▶ **What is expected**: The whole of the material needs to be repeated exactly, line for line.

--- Dataset ---

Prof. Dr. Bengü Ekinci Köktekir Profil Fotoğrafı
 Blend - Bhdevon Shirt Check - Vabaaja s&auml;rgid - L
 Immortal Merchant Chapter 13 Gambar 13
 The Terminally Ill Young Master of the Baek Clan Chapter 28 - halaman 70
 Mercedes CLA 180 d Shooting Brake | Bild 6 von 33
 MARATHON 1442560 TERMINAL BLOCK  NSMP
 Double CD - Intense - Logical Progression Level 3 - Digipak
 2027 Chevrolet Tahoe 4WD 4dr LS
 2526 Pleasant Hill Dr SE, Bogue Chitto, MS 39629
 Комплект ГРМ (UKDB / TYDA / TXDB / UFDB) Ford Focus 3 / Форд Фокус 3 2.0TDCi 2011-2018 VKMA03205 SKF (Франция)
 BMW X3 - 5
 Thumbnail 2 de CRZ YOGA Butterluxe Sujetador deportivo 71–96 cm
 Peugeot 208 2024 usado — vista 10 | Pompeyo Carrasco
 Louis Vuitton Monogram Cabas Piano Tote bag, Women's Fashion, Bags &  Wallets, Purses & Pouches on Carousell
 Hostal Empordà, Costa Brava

---

▶ **Response for this exercise**:
Prof. Dr. Bengü Ekinci Köktekir Profil Fotoğrafı
 Blend - Bhdevon Shirt Check - Vabaaja s&auml;rgid - L
 Immortal Merchant Chapter 13 Gambar 13
 The Terminally Ill Young Master of the Baek Clan Chapter 28 - halaman 70
 Mercedes CLA 180 d Shooting Brake | Bild 6 von 33
 MARATHON 1442560 TERMINAL BLOCK  NSMP
 Double CD - Intense - Logical Progression Level 3 - Digipak
 2027 Chevrolet Tahoe 4WD 4dr LS
 2526 Pleasant Hill Dr SE, Bogue Chitto, MS 39629
 Комплект ГРМ (UKDB / TYDA / TXDB / UFDB) Ford Focus 3 / Форд Фокус 3 2.0TDCi 2011-2018 VKMA03205 SKF (Франция)
 BMW X3 - 5
 Thumbnail 2 de CRZ YOGA Butterluxe Sujetador deportivo 71–96 cm
 Peugeot 208 2024 usado — vista 10 | Pompeyo Carrasco
 Louis Vuitton Monogram Cabas Piano Tote bag, Women's Fashion, Bags &  Wallets, Purses & Pouches on Carousell
 Hostal Empordà, Costa Brava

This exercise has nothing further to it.